I was testing a document-heavy AI workflow where the easy version was obvious: pass more files into the model and let the larger context window absorb the mess. Policies, notes, exported tickets, generated summaries, old drafts, copied markdown, whatever the user had available.

The model could take more context now.

So the temptation was simple.

Upload everything.

Let the model read it.

Ask the question.

Get the answer.

That approach feels productive during a demo because it removes the annoying parts: chunking, indexing, metadata, retrieval, file normalization, access control, freshness checks, source ranking, and data contracts.

It also moves too much responsibility into the model call.

By this point, million-token context windows were already part of the AI landscape. Some models were being advertised with context windows large enough to swallow whole repositories, long contracts, exported chat histories, and large internal document sets in one request.

That sounds like the end of retrieval.

It isn’t.

The failure was source selection

The first version I tested was too generous.

It treated available context like useful context. If the user asked a broad question, the system pulled too many files, kept duplicate boilerplate, and sent old versions beside newer ones. The model still produced a confident answer, which made the failure harder to spot.

A visible refusal would have been easier to debug.

A polished answer built from dirty source selection is worse.

The issue was not whether the model could read a lot of text. It could. The issue was whether the backend could explain why that text was selected, whether it was current, whether the user had permission to see it, and whether the request was worth the cost.

That pushed the architecture back toward a controlled data pipeline.

The request flow I wanted looked more like this:

user question
→ API endpoint
→ tenant and permission check
→ query classifier
→ document registry lookup
→ metadata filter
→ retrieval index
→ context packer
→ token budget check
→ model call
→ answer with source trace
→ logs for cost, latency, and selected documents
Long-context request flow showing API checks, document lookup, retrieval, context packing, token budgeting, model call, answer trace, and observability logs.
Long-context request flow

The context window is only one part of the system. The more important part is deciding what enters the window.

A 10M-token model can accept a large input, but that does not mean every input deserves to be sent. Old files, duplicated exports, stale markdown, broken PDFs, archived tickets, old meeting notes, and copied Slack threads can all fit inside a giant window.

That does not make them useful.

It makes the source-selection failure harder to see.

With a smaller context window, the system is forced to choose. The constraint is annoying, but it makes the architecture honest. You need retrieval. You need metadata. You need source ranking. You need a clear rule for what gets included and what gets dropped.

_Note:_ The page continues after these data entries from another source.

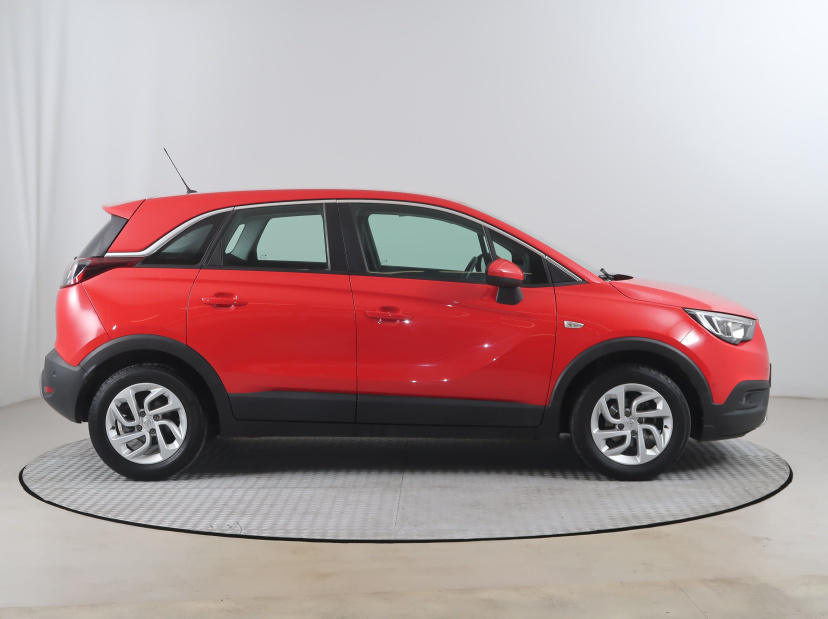 Opel Crossland, 2018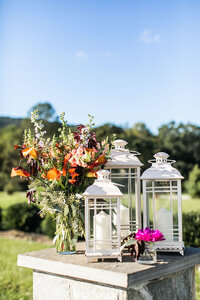 Springfield-Manor-MD-wedding-florist-Sweet-Blossoms-ceremony-lantern-decor-Living-Radiant-Photography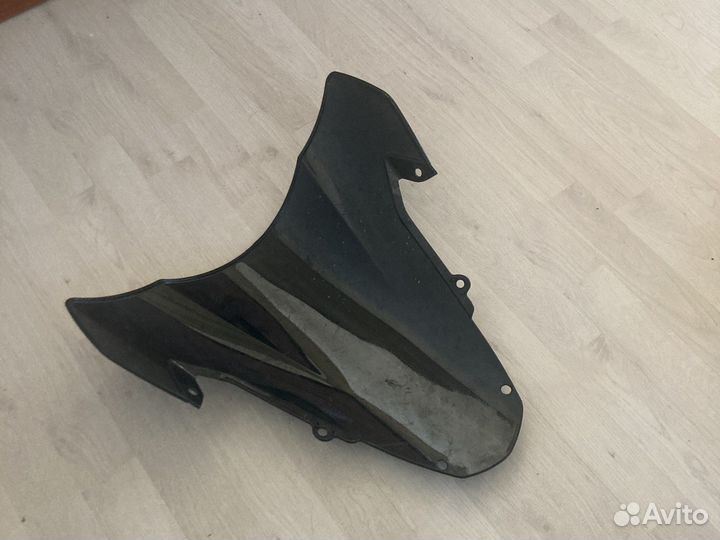 Suzuki gsxr стекло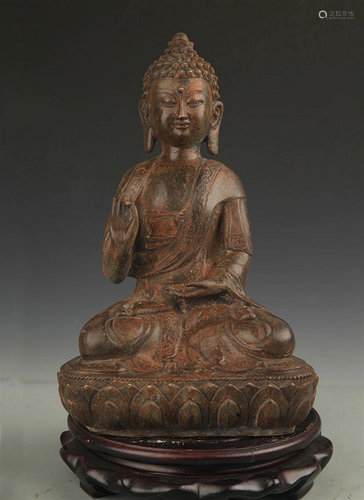 A BRONZE BUDDHA STATUE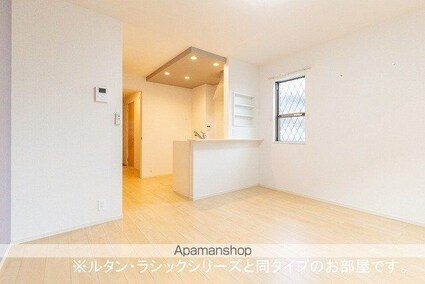 ヒルズ山王林[1R/32.23m2]のリビング・居間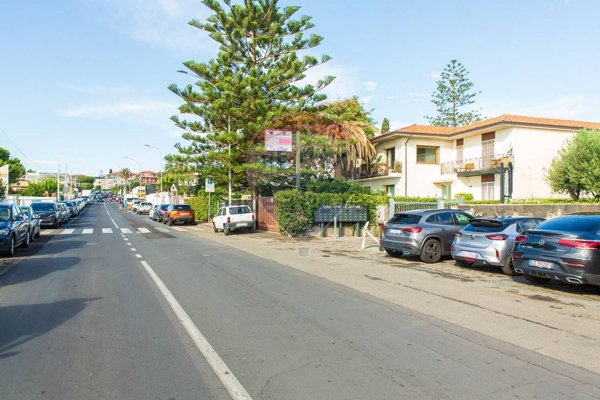 villa in vendita ad Aci Castello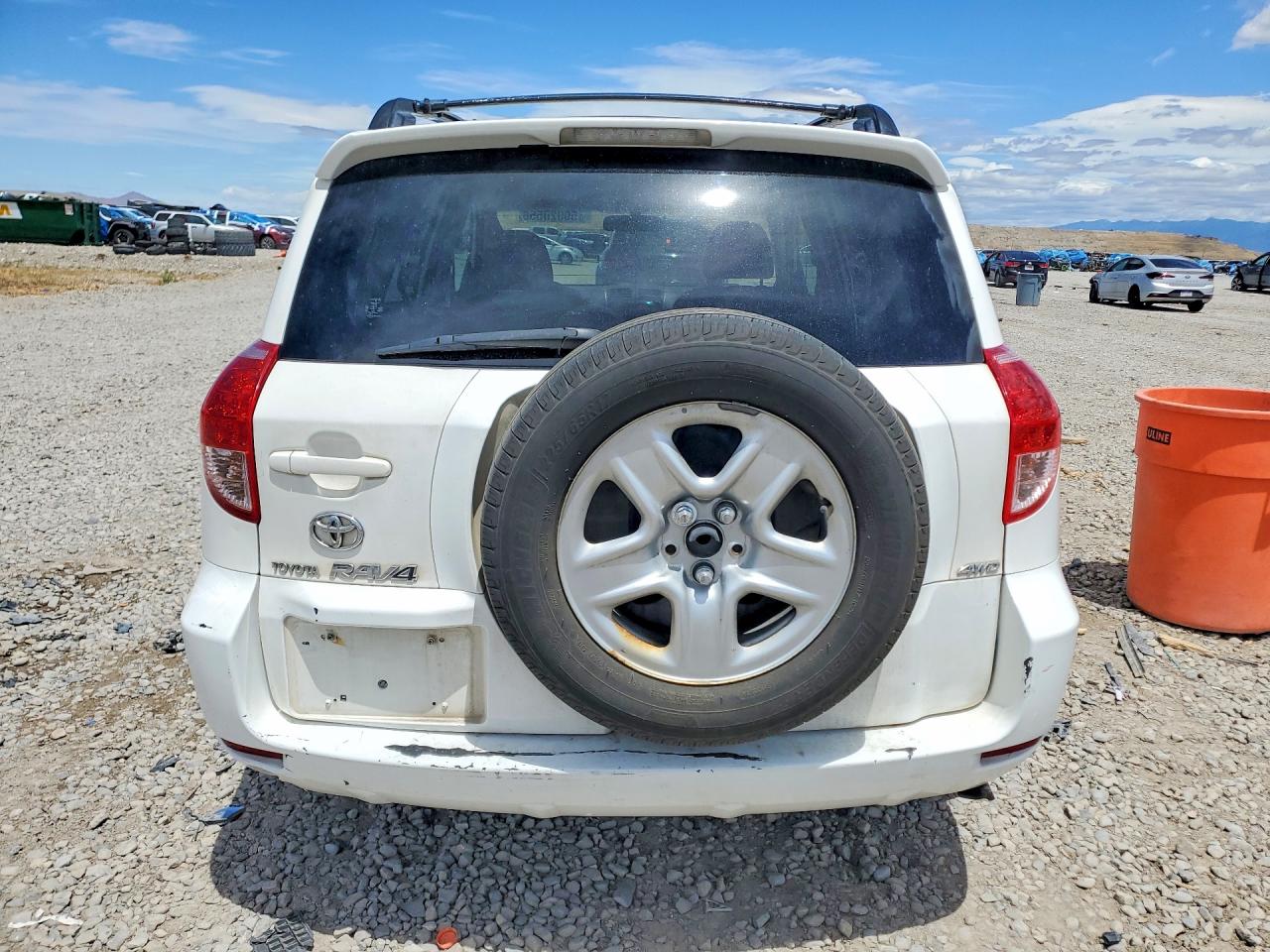 2008 Toyota Rav4 Base White vin: JTMBK35V385067893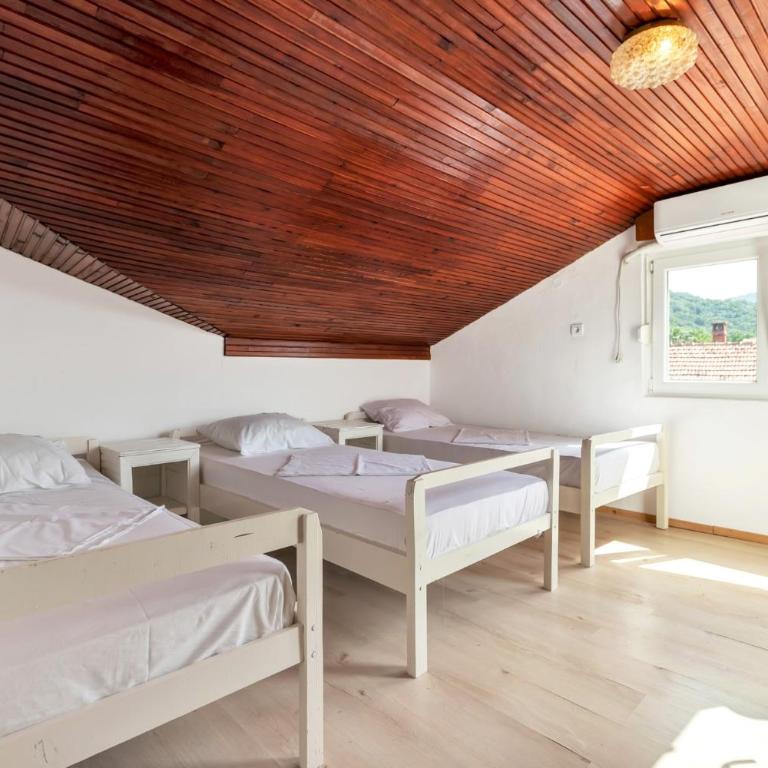 Davidovic Apartments - One-Bedroom Apartment - 9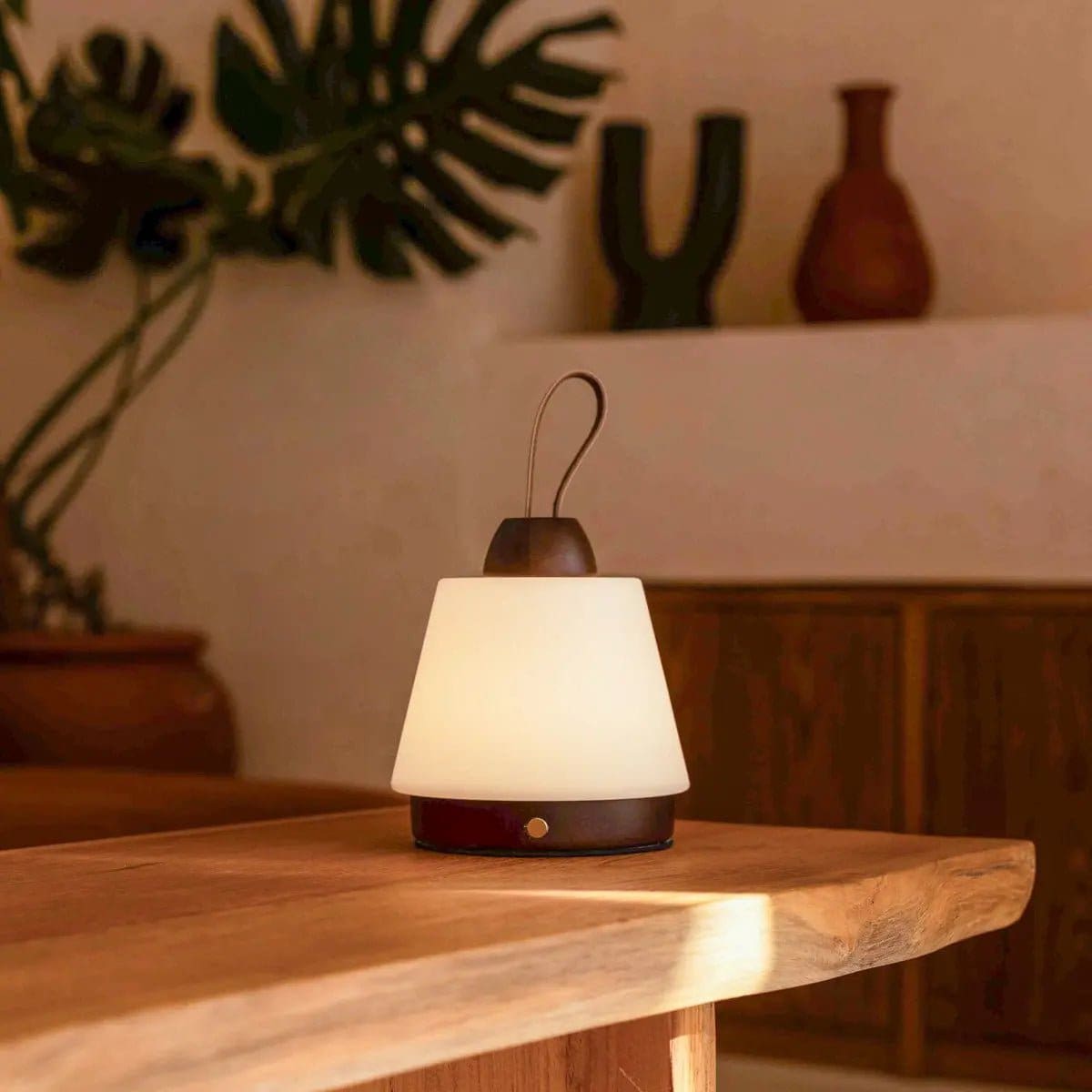 Lumière Nomade – Lampe rechargeable Liv en bois et cuir, 3 modes d’éclairage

With a massive context window, the system can hide bad engineering behind a larger prompt until the wrong answer becomes expensive to debug.

The backend still needs an ingestion path

For a serious AI workflow, documents should not move straight from upload to prompt. They need to pass through a controlled pipeline:

file upload
→ object storage
→ file type detection
→ text extraction
→ section parsing
→ metadata extraction
→ document versioning
→ chunking or section indexing
→ embedding/index update
→ retrieval-ready document registry
Document ingestion pipeline showing file upload, object storage, file type detection, text extraction, metadata extraction, versioning, indexing, and retrieval registry.
Document ingestion pipeline

The registry keeps raw files, parsed content, metadata, permissions, versions, and processing status out of the prompt layer.

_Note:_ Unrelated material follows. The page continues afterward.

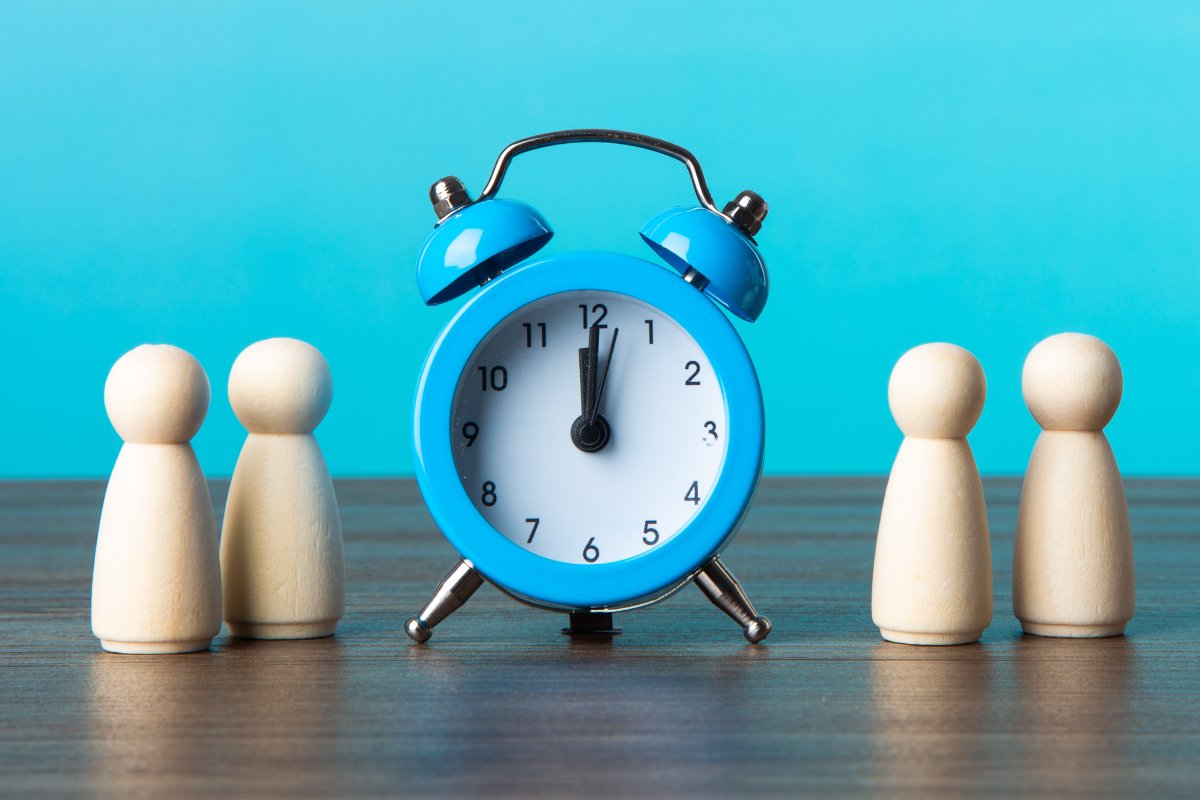 The Hidden Psychology of Payroll Timing: How Payment Schedules Impact Employee Performance and Wellbeing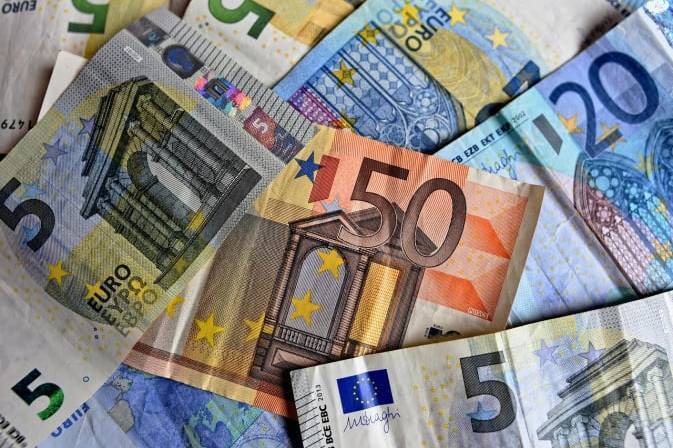 НБУ оновив курс валют: скільки коштує євро, долар та злотий у вівторок, 26 серпня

The registry is the part that is easy to skip in a prototype.

I don’t think it can be skipped once the system touches real business documents.

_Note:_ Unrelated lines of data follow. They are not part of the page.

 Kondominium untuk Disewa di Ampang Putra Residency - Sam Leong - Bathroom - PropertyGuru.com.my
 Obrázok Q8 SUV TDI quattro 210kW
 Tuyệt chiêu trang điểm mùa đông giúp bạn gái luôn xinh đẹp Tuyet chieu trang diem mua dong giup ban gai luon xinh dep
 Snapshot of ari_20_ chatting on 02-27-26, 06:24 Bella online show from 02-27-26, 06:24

A prompt cannot be the source of truth for company knowledge. The backend needs to know what document was used, which version was selected, when it was indexed, who can access it, and whether it has been superseded.

Otherwise, the model can answer from an old policy and nobody knows until someone acts on it.

That is a production failure.

I also wanted the system to separate document storage from context assembly.

Object storage keeps the raw files.

The database keeps document records, permissions, version IDs, metadata, and processing status.

The retrieval index supports search and ranking.

The context packer builds the final model input.

Those are separate jobs.

When they collapse into one “send everything to the model” step, debugging gets ugly. If the answer is wrong, you cannot easily tell whether the wrong document was uploaded, the parser failed, the index missed the right section, the context packer included stale content, or the model ignored the relevant paragraph.

A long-context model does not remove those failure modes.

It lets more of them happen inside one huge request.

The context packer became the control point

Its job is not to fill the window. Its job is to spend the token budget well.

The rules were simple enough:

  • Include high-confidence sources first
  • Prefer current versions over archived versions
  • Keep section boundaries intact
  • Preserve document IDs
  • Deduplicate repeated content
  • Drop low-value boilerplate
  • Reserve space for the user question and instructions
  • Cap per-source token usage
  • Log what was included and why
Context packer code applying tenant permissions, freshness ranking, relevance ranking, deduplication, per-source token caps, and selected document logging.
Context packer control point

The context packer should emit selected document IDs and section IDs so the answer can be traced back to its source material.

The logging part matters.

If the system cannot explain what it sent to the model, it cannot explain why the answer came out that way.

For internal tools, this is already important.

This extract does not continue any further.